Since c is an element of S and all elements of S have the form as + bt, then by the theorem (that if d divides a and d divides b then d divides a + b) we show that d divides c.

d) Show that c divides a and c divides b.

Assume that c does not divide a, then a = qc + r where 0 < r < c.

*I am stuck proving that r is an element of S, and I don't see how this contradicts the choice of c. I see that r is a positive integer, but how is it of the form as + bt?*

*Thanks*

Thank you for your help so far

Quote:

Originally Posted by

**tonio** Fort some $\displaystyle s\,,\,r\in\mathbb{Z}\,,\,c=ar+bt$ , so $\displaystyle r=a-qc=a-q(as+bt)=a(1-qs)+b(qt)\in S$ , since $\displaystyle r>0$ , and since also $\displaystyle r < c$ we get here a contradiction to the minimality of c in S.

Tonio

Tonio, thank you for all the help. It is greatly appreciated.

I forgot about part e), would you verify that my reasoning is correct?
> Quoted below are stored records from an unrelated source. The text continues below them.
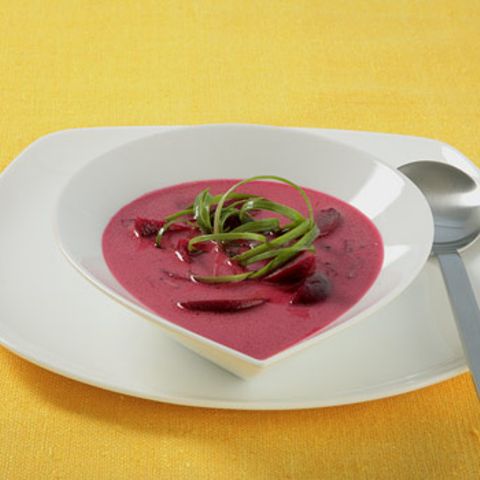 Rote-Bete-Kokos-Suppe
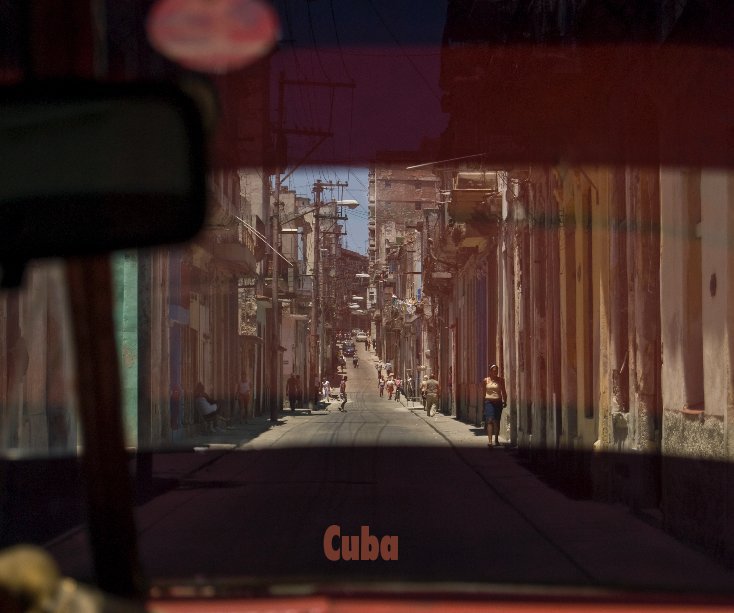 View Cuba by Anaely Delgado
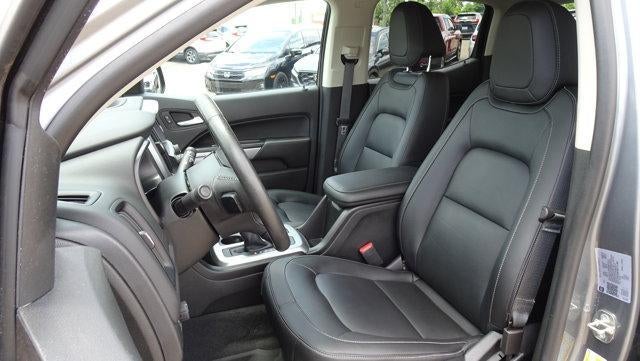 2022 Chevrolet Colorado Crew Cab Short Box 2-Wheel Drive LT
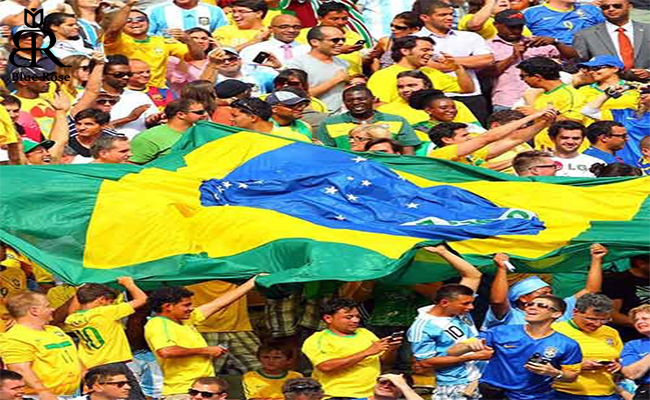 فوتبال در برزیل
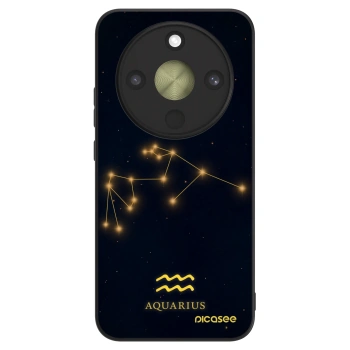 Szilikon tok erre a típusra Honor Magic8 Lite 5G - AQUARIUS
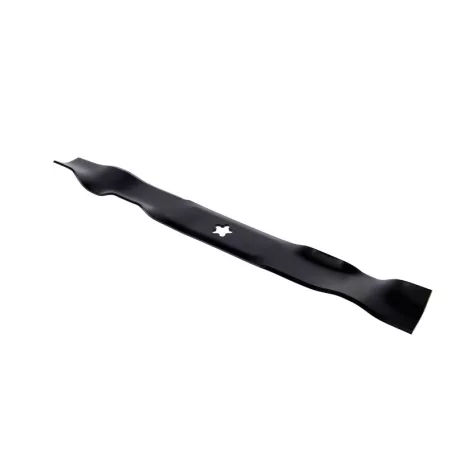 Fűnyíró kés MAMMUT Husqvarna M185-107T 533mm, 5 ágú csillag, 1 furatos utángyártott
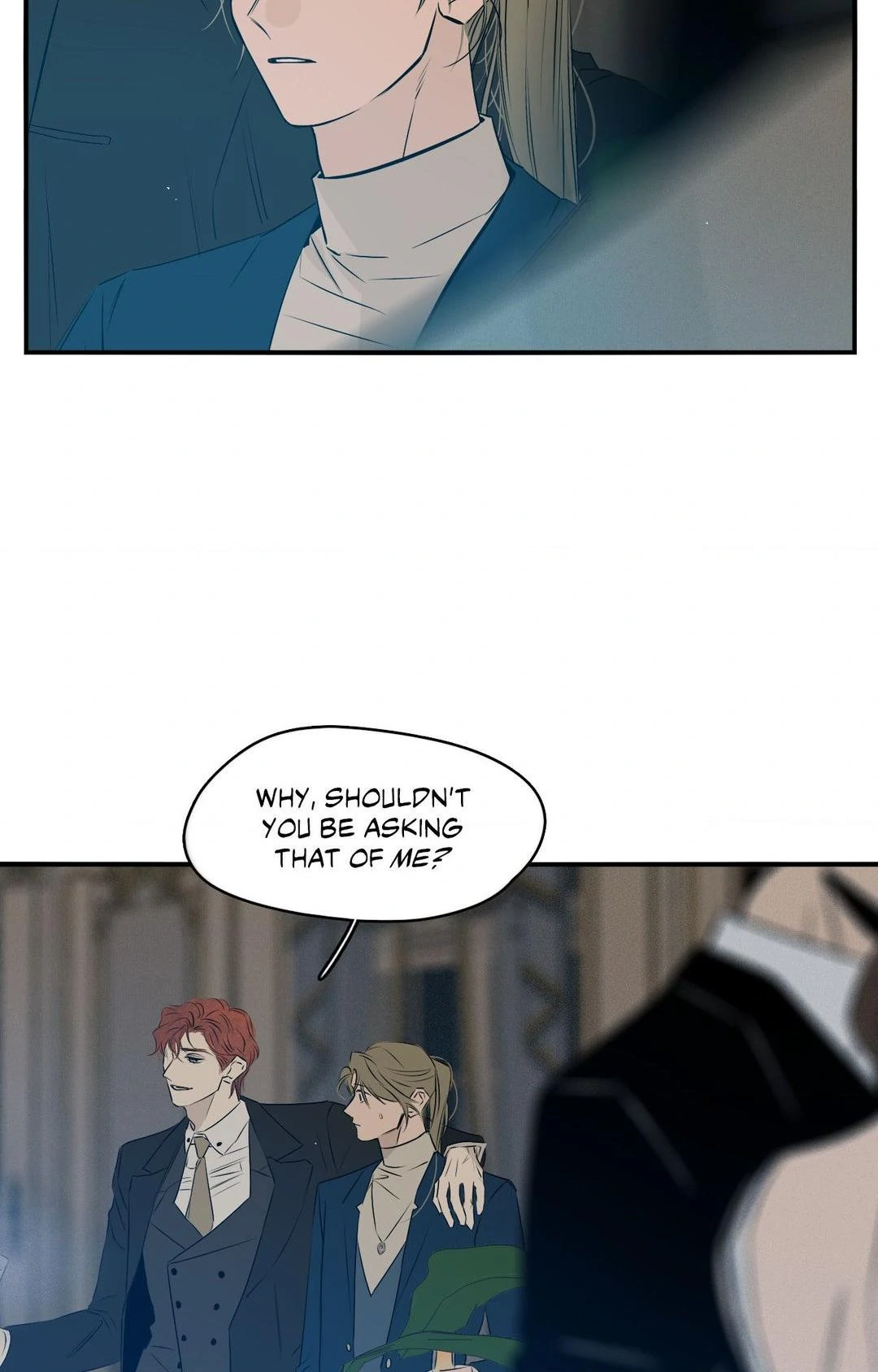 Lunacy ≪Official≫ - Chapter 34 manhwa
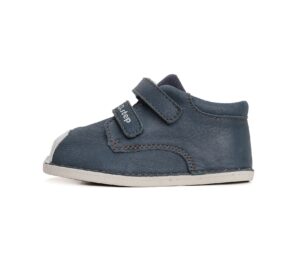batukai vaikams D.D.Step (Vengrija)  Barefoot mėlyni batai 21-26 d. H085-41744A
e) Conclude from (c) and (d) that the greatest common divisor of a and b exists. Finish the proof by showing that this greatest common divisor is unique.

From part c) we have shown that all elements of S divide a and b. Also S is not empty from part a), therefore there is a common divisor of a and b.

If c is the minimum element of S then choose $\displaystyle S_1$ = {$\displaystyle s_1$ | $\displaystyle s_1$ $\displaystyle \epsilon$ S, $\displaystyle s_1$ $\displaystyle \not=$ c}

Then by the well ordering property, there is an element $\displaystyle c_1$ $\displaystyle \epsilon$ $\displaystyle S_1$ that is the smallest element of $\displaystyle S_1$. Since $\displaystyle c_1$ $\displaystyle \epsilon$ S, $\displaystyle c_1$ | a and $\displaystyle c_1$ | b.

Now choose $\displaystyle S_2$ = {$\displaystyle s_2$ | $\displaystyle s_2 $ $\displaystyle \epsilon$ $\displaystyle S_1$, $\displaystyle s_2$ $\displaystyle \not=$ $\displaystyle c_1$}

Keep choosing subsets until only one element is left. That one element is gcd(a,b), call it m.

*The only thing I can come up with to prove m is unique is the following:*

*Assume m is not unique, then there are $\displaystyle m_1$ and $\displaystyle m_2$ both elements of S that divide a and b. If $\displaystyle m_1$ is less than $\displaystyle m_2$ then $\displaystyle m_1$ could not be the gcd(a,b). If $\displaystyle m_2$ is less than $\displaystyle m_1$ then $\displaystyle m_2 $ could not be gcd(a,b). Therefore $\displaystyle m_1$ = $\displaystyle m_2$. Is this correct?*

*Thanks again.*